§ Task to complete
Please copy, exactly and with no pictures, only the lines from the one containing "Malvika Lily Lali" through the last line of the records.
- - -
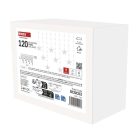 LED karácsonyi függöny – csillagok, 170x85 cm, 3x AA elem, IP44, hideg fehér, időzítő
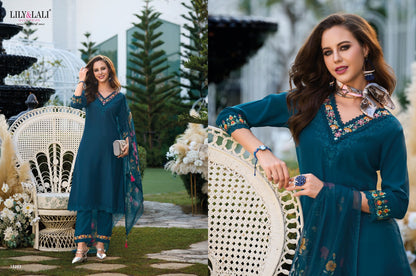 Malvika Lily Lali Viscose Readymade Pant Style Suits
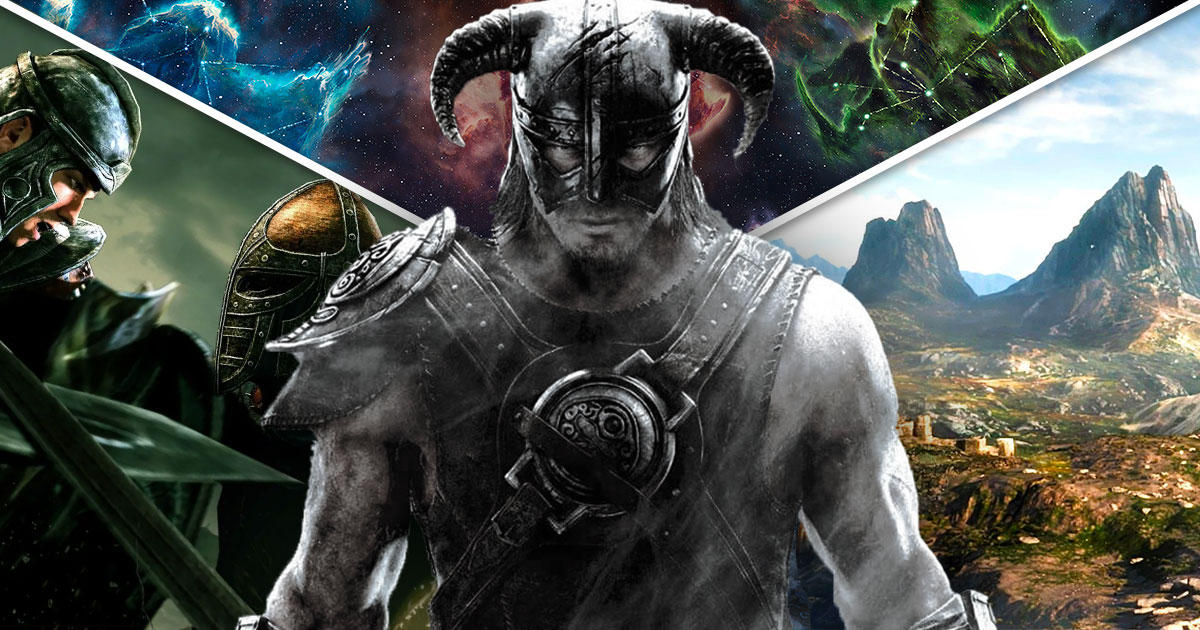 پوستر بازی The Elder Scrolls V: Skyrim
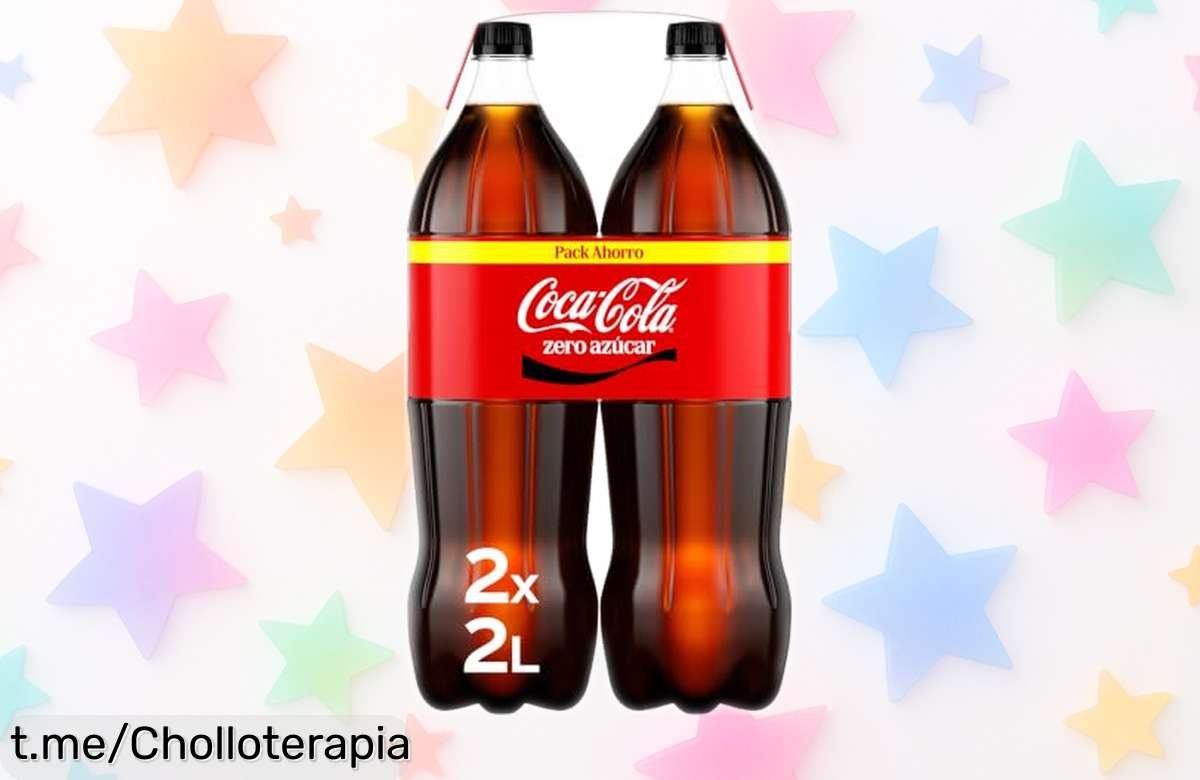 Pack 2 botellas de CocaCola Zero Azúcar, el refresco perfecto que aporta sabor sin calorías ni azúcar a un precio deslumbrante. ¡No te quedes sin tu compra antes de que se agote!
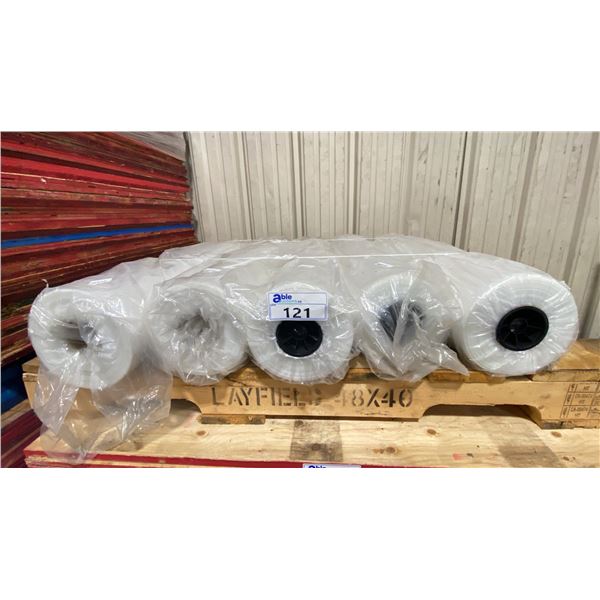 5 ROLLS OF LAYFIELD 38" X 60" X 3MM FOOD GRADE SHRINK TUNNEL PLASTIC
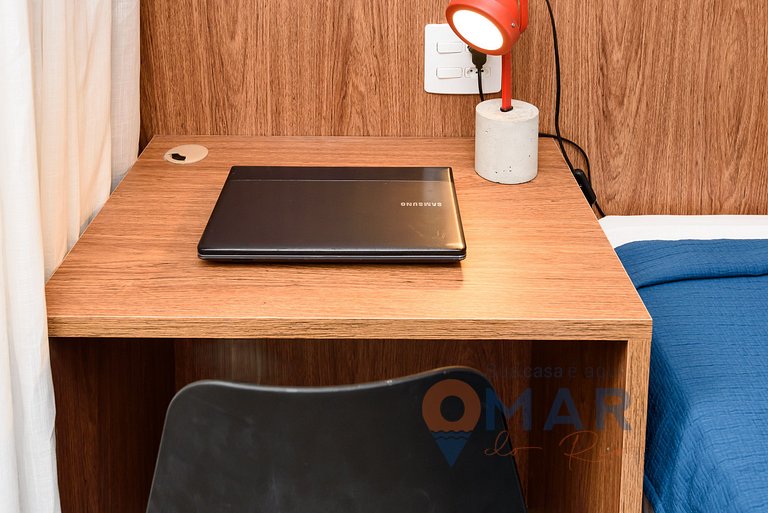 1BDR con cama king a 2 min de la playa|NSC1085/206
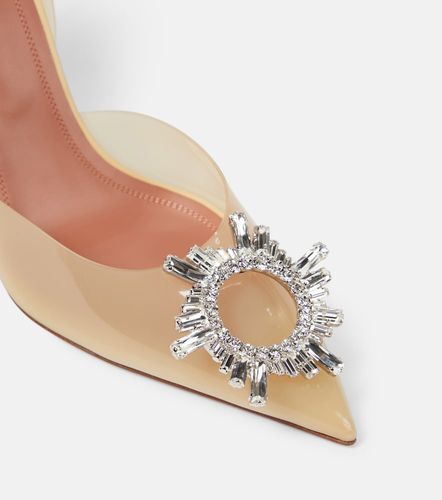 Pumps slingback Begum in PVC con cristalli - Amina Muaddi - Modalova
- - -
§ Response to this task
 Malvika Lily Lali Viscose Readymade Pant Style Suits
 پوستر بازی The Elder Scrolls V: Skyrim
 Pack 2 botellas de CocaCola Zero Azúcar, el refresco perfecto que aporta sabor sin calorías ni azúcar a un precio deslumbrante. ¡No te quedes sin tu compra antes de que se agote!
 5 ROLLS OF LAYFIELD 38" X 60" X 3MM FOOD GRADE SHRINK TUNNEL PLASTIC
 1BDR con cama king a 2 min de la playa|NSC1085/206
 Pumps slingback Begum in PVC con cristalli - Amina Muaddi - Modalova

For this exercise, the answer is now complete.